ASSIGNMENT
Would you return exactly the lines below from the line with "På billedet ses" through the line with "CJ Carr of the", both included, and nothing else, leaving out the pictures?

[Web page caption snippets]
== Segment start ==
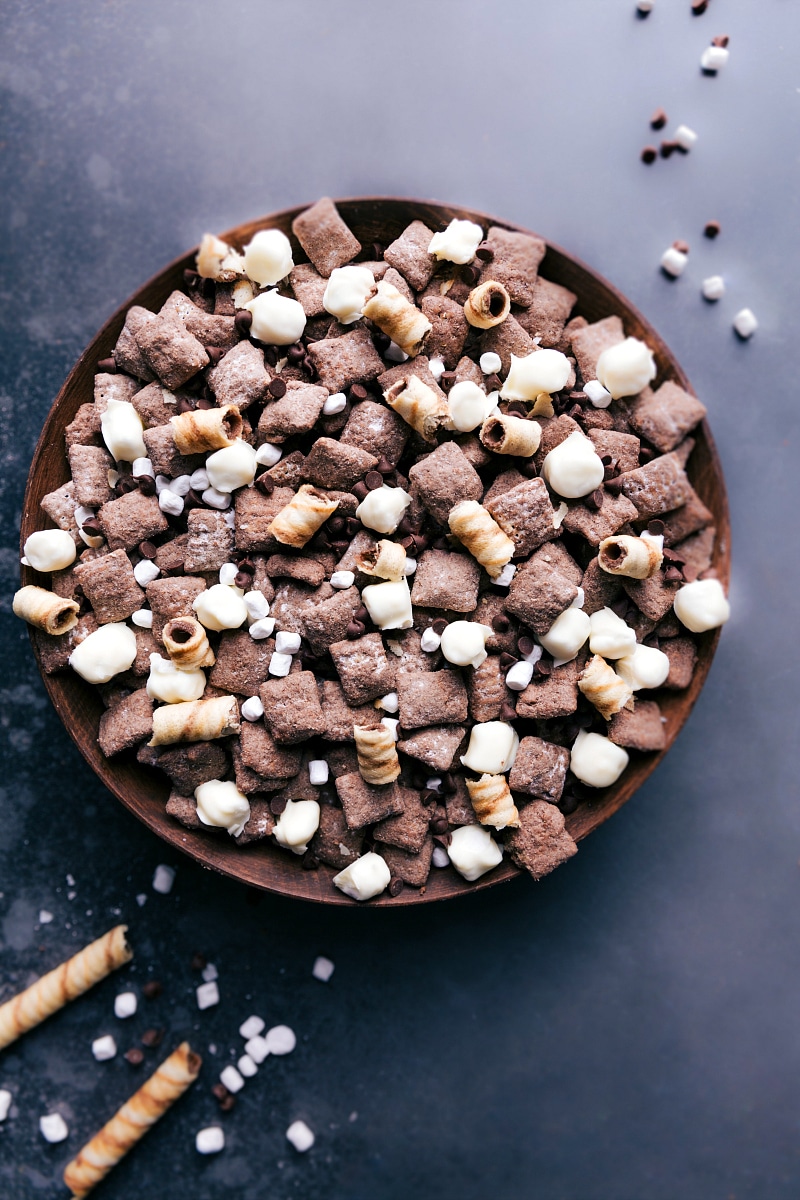 Hot Chocolate Snack Mix is inspired by our favorite chilly weather beverage -- hot chocolate! Chocolate Chex® cereal is coated in melted chocolate and tossed with a hot cocoa powdered sugar blend. Add in some white chocolate-covered marshmallows and chocolate chips for an unforgettable snack mix! Recipe via ChelseasMessyApron #marshmallows #cozy #christmas #holidays #minimarshmallows #hotchocolate #snack #mix Image of a bowl full of Hot Chocolate Snack Mix.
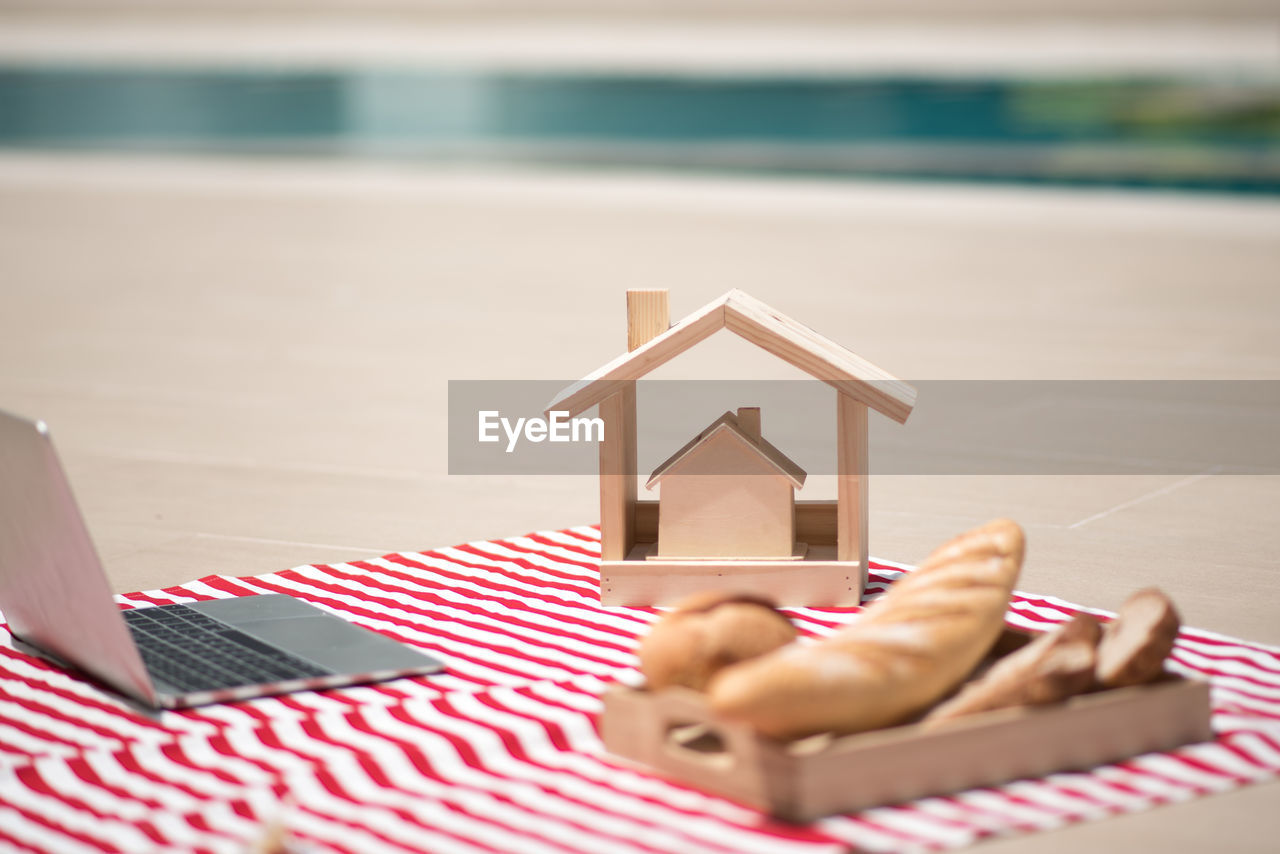 Model home with laptop and bread on beach towel during sunny day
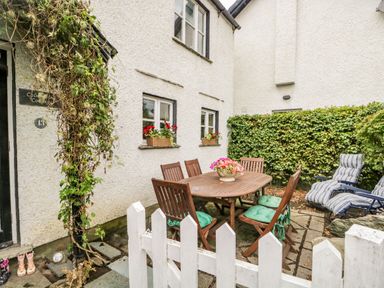 An outdoor patio area with a wooden table and chairs with cushions and a potted plant on the table at Columbine Cottage in Hawkshead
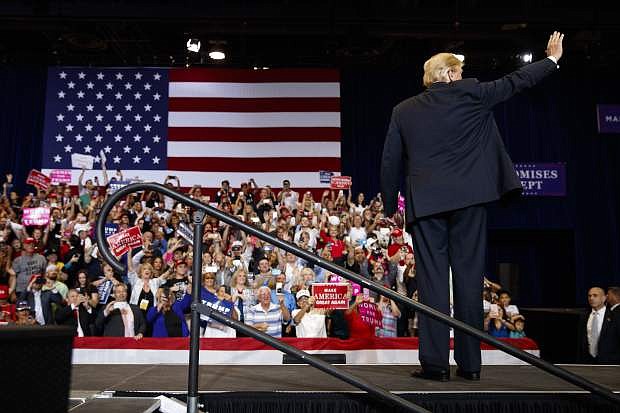 President Donald Trump waves as he arrives for a campaign rally, Thursday, Sept. 20, 2018, in Las Vegas. (AP Photo/Evan Vucci)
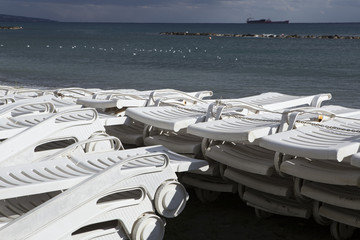 A stack of beach lounges out of season. Limassol's seafront promenade. Cyprus.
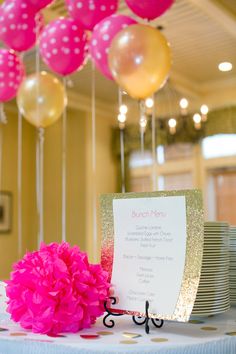 a table topped with lots of pink and gold balloons next to a card on top of a plate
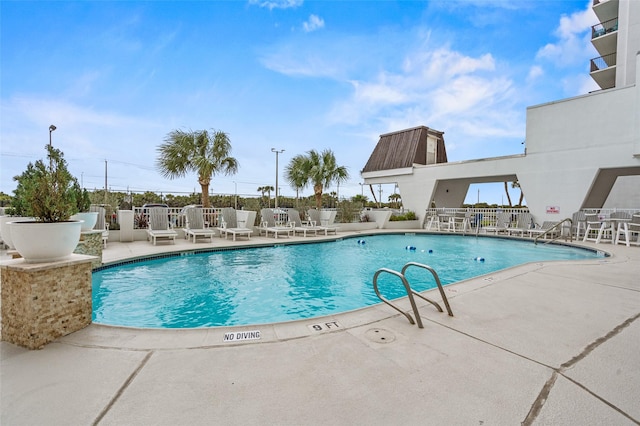 pool featuring a patio area and fence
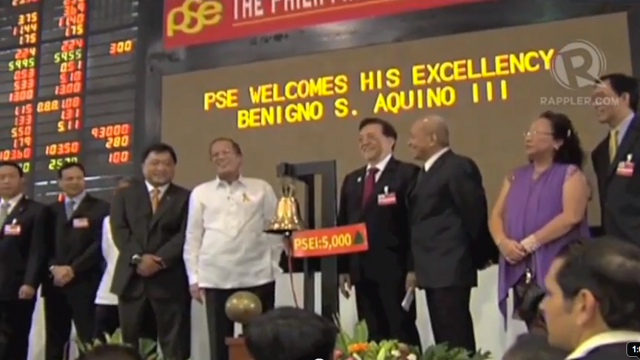 RINGING IN SUCCESS. President Aquino rings the opening bell at the PSE on March 6, 2012.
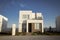 Closeup shot of a complex of white and brown modern building blocks with sunshine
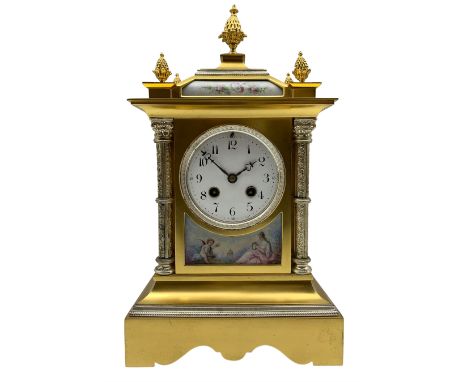 Early 20th century French mantle clock in a brass satin finished case with contrasting silvered detail, canted ogee top surmo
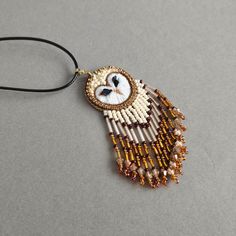 a beaded owl pendant on a black cord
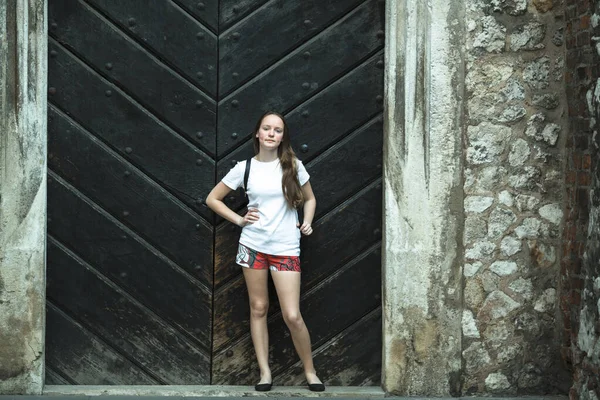 Genç Bir Kız Kocaman Ahşap Bir Kapının Yanında Duruyor — Stok fotoğraf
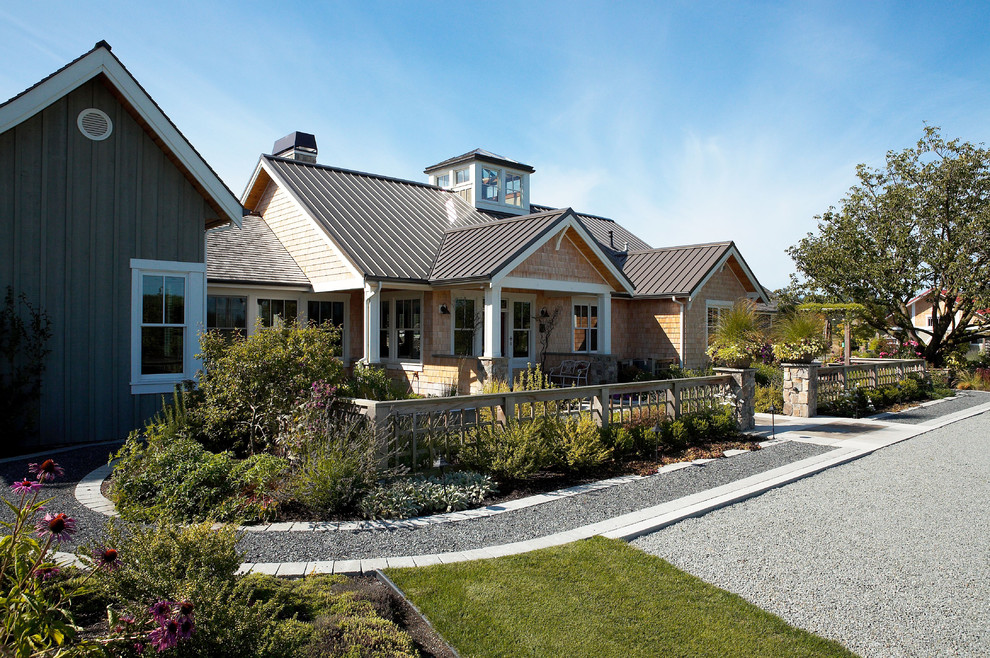 Example of a country wood exterior home design in Seattle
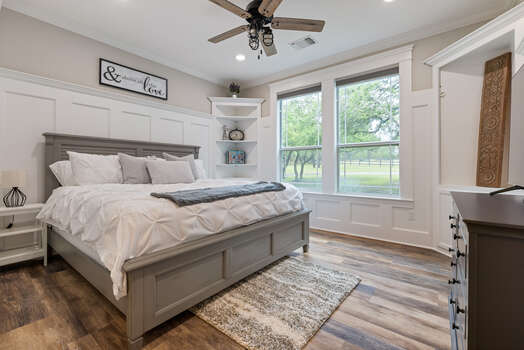Main level bedroom with king bed and 55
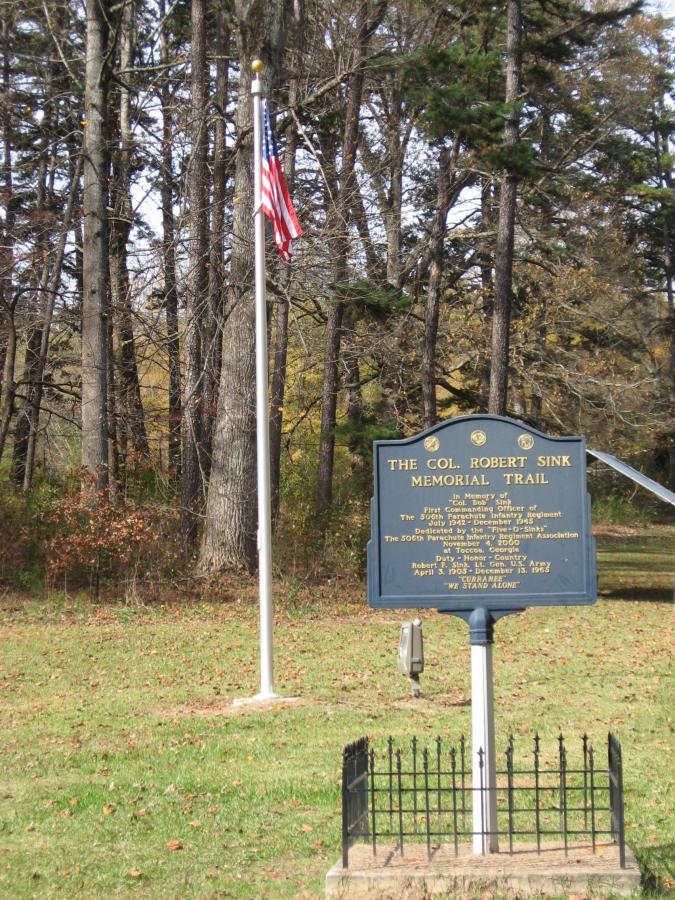 A memorial plaque for Colonel Robert Sink, located on a trail surrounded by trees. An American flag is flying on a pole nearby. The plaque honors Colonel Sink, highlighting his service and contributions, with inscriptions detailing his military history. The setting features a peaceful, wooded area. Currahee Mountain Road mountain bike trail.
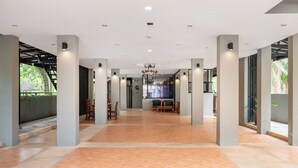 Um hall amplo com piso de azulejos, mobiliário de madeira e grandes pilares.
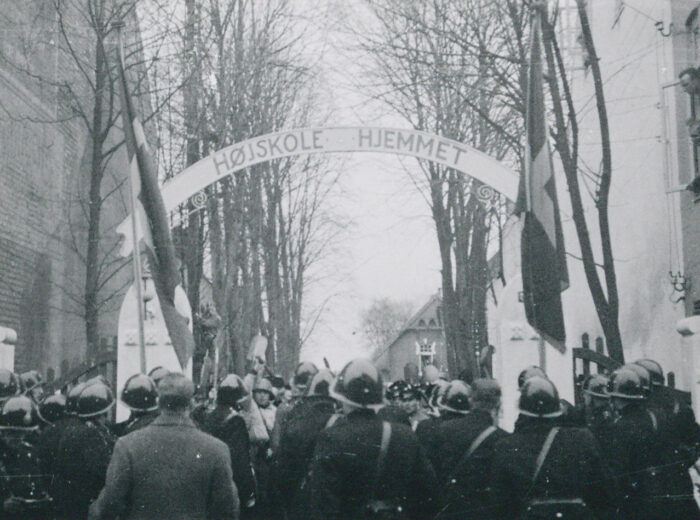 På billedet ses Højskolehjemmets indkørsel den 8. december 1940, tidligere på dagen. Situationen er gengivet fra politiets synsvinkel - med nazisterne stående over for, nogle med hævede spader. Foto (C): Rigsarkivet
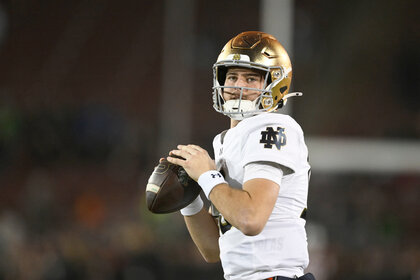 CJ Carr of the Notre Dame Fighting Irish warms up before the game against the Stanford Cardinal.
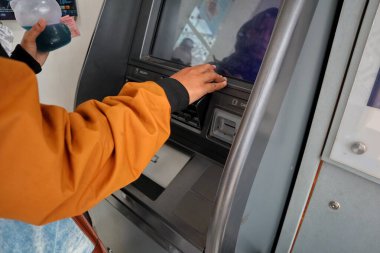 Jepara, 13 Ekim 2024 - Asyalı bir kadının eli Jateng Bankası 'ndaki ATM veya para çekme makinesinden para çekti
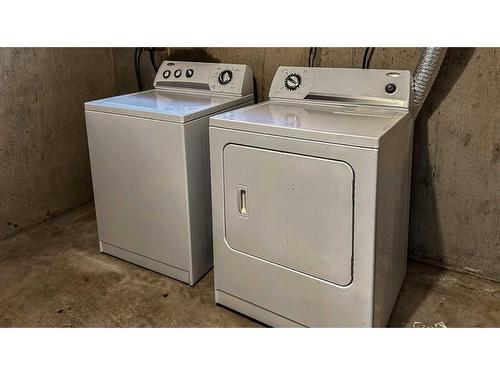 100-630 Sabrina Road Sw, Calgary, AB - Indoor Photo Showing Laundry Room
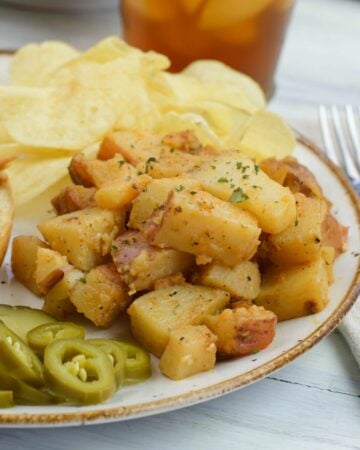 Closeup of a serving of garlic potatoes on a dinner plate.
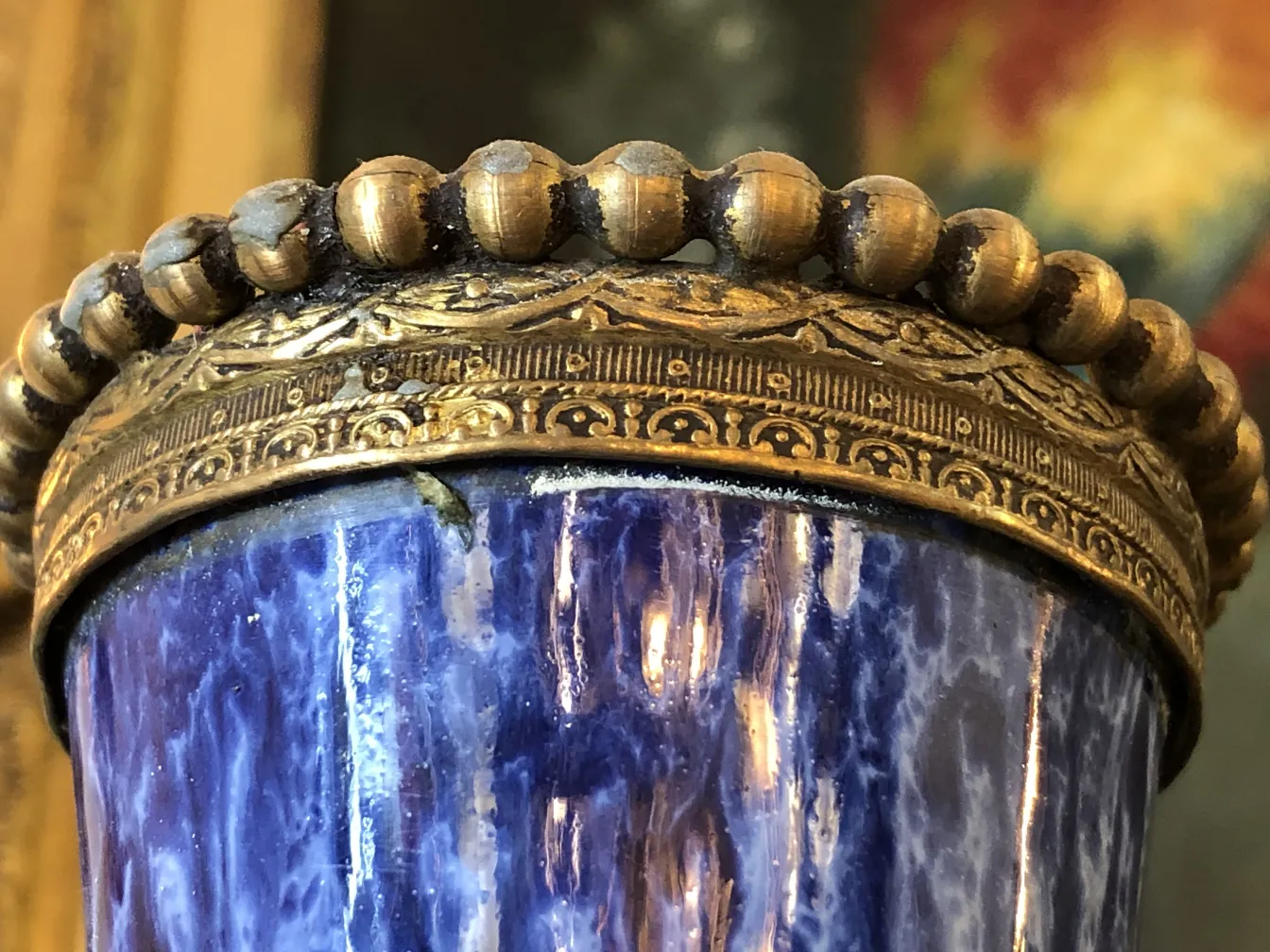 Tazza antica in ceramica blu e dorata, con dettagli ornamentali.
== Segment end ==
RESPONSE
 På billedet ses Højskolehjemmets indkørsel den 8. december 1940, tidligere på dagen. Situationen er gengivet fra politiets synsvinkel - med nazisterne stående over for, nogle med hævede spader. Foto (C): Rigsarkivet
 CJ Carr of the Notre Dame Fighting Irish warms up before the game against the Stanford Cardinal.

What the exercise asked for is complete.